((

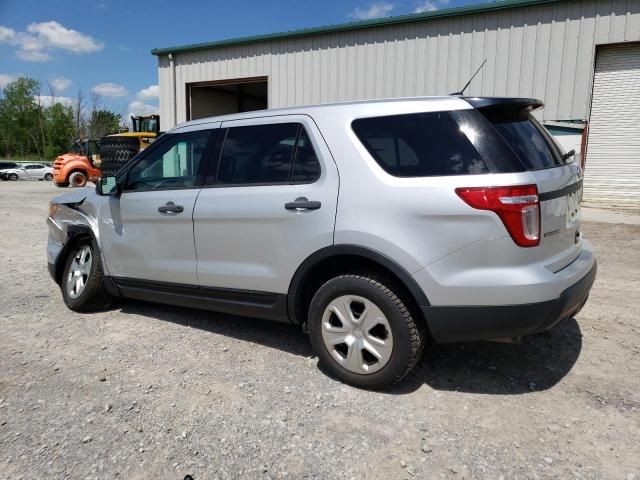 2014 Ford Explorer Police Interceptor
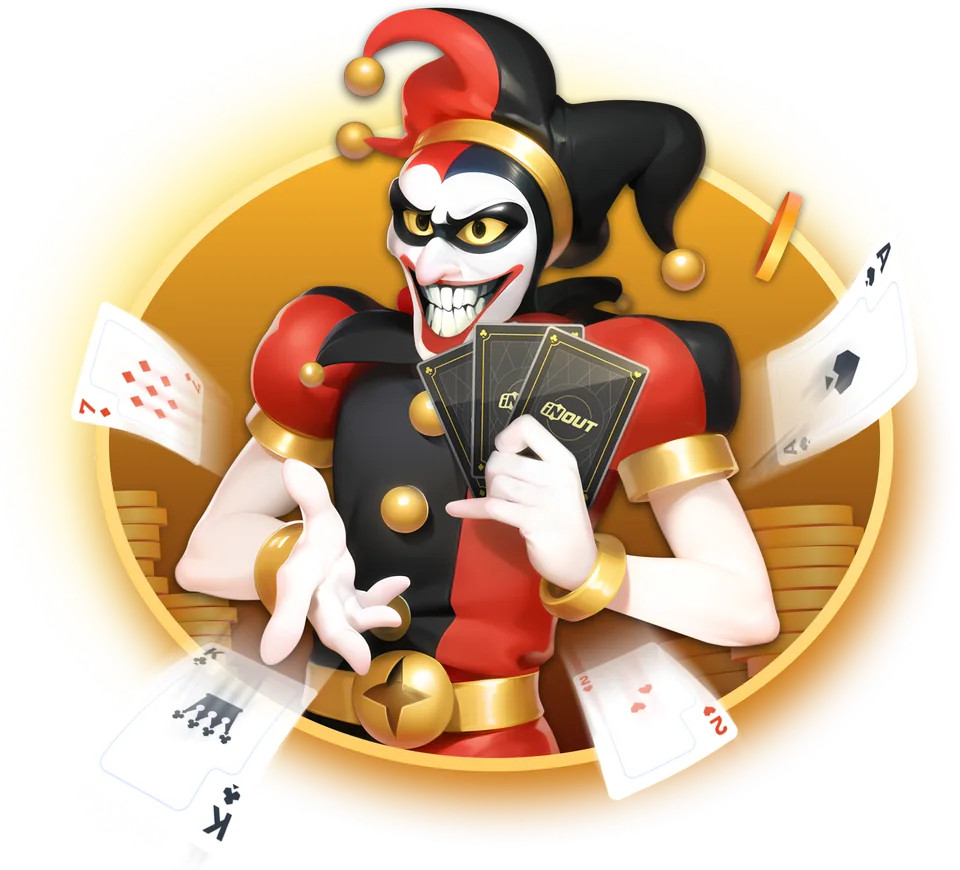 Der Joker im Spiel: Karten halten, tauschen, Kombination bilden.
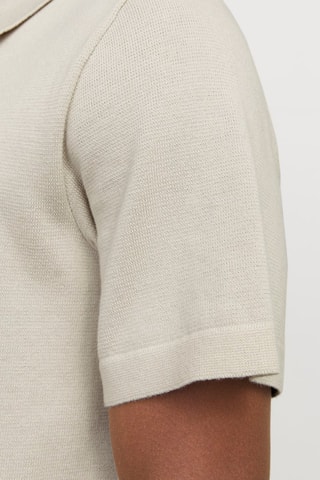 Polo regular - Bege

))
((

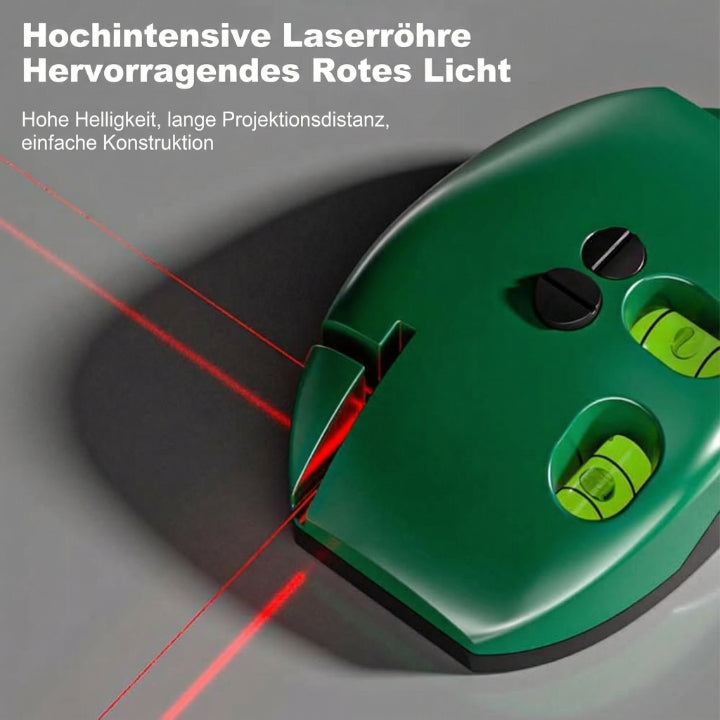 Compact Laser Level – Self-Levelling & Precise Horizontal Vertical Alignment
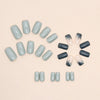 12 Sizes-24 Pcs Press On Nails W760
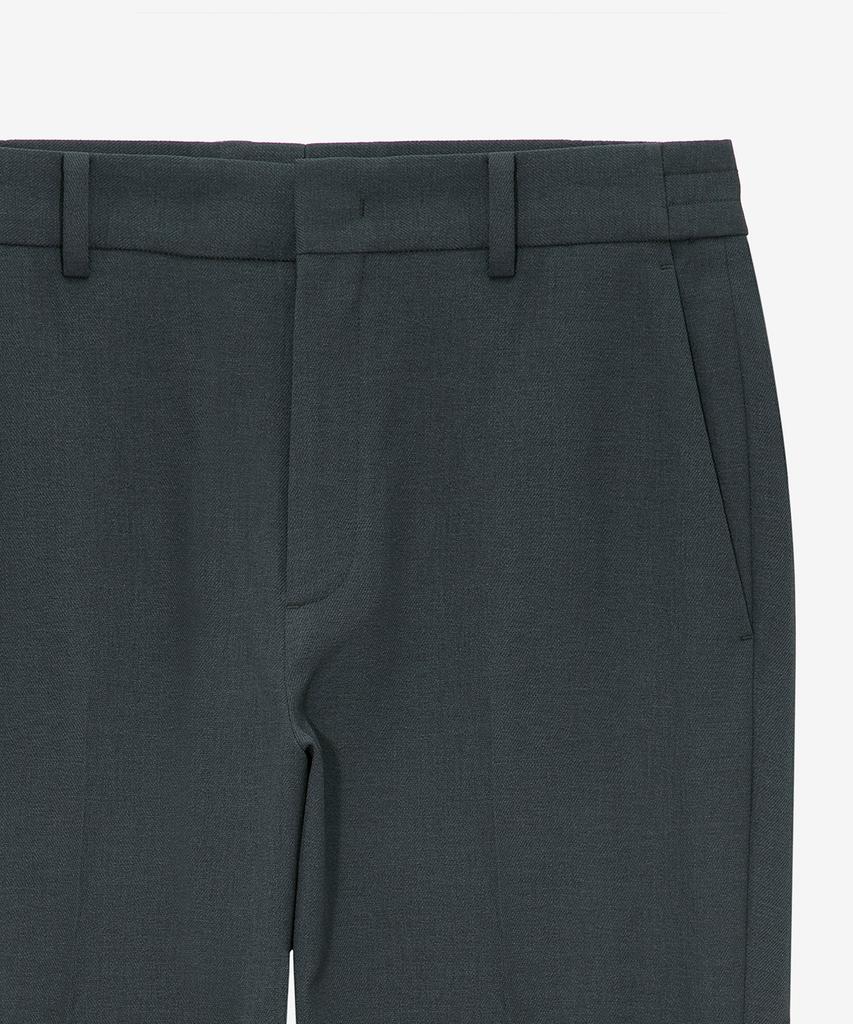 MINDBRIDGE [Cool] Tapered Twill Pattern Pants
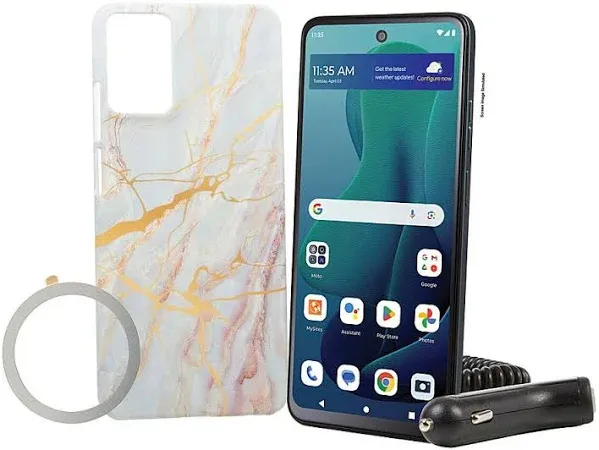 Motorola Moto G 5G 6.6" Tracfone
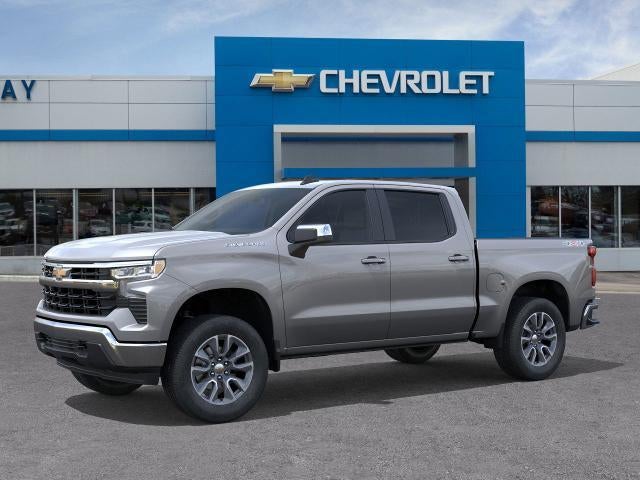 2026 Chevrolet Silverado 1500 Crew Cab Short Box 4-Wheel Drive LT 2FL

))
((

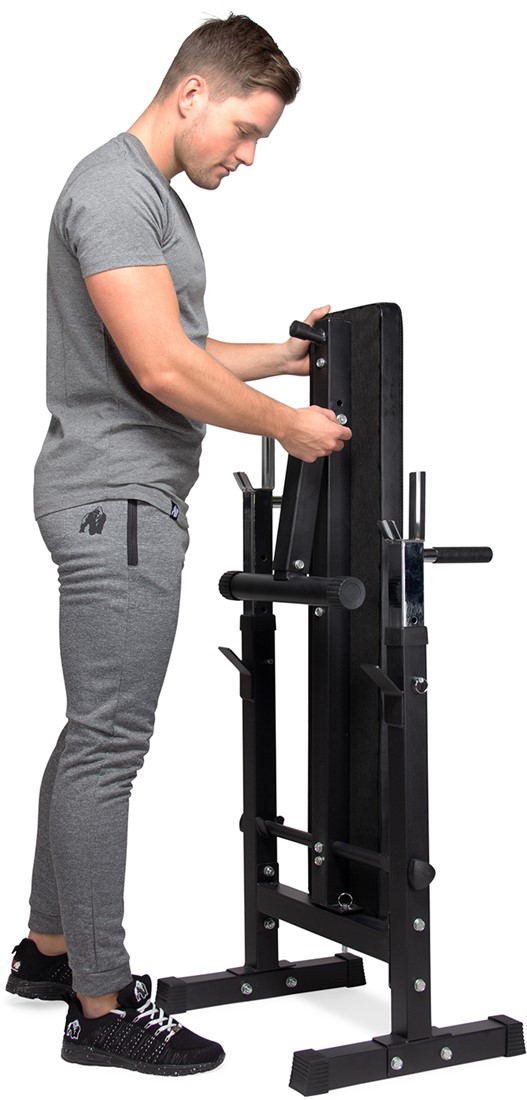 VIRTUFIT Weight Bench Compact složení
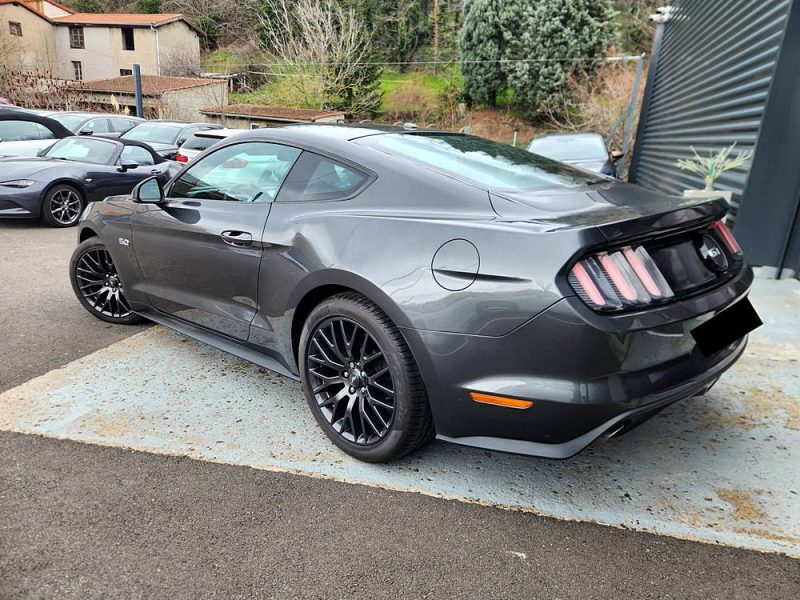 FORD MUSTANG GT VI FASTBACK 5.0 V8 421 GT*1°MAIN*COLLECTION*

))

▶ _YOUR ASSIGNMENT_
Give back, exactly and without pictures, the stretch of the records above from the line containing "Motorola Moto G" through the line containing "2026 Chevrolet Silverado", with both end lines included.

▶ _EXERCISE RESULT_
 Motorola Moto G 5G 6.6" Tracfone
 2026 Chevrolet Silverado 1500 Crew Cab Short Box 4-Wheel Drive LT 2FL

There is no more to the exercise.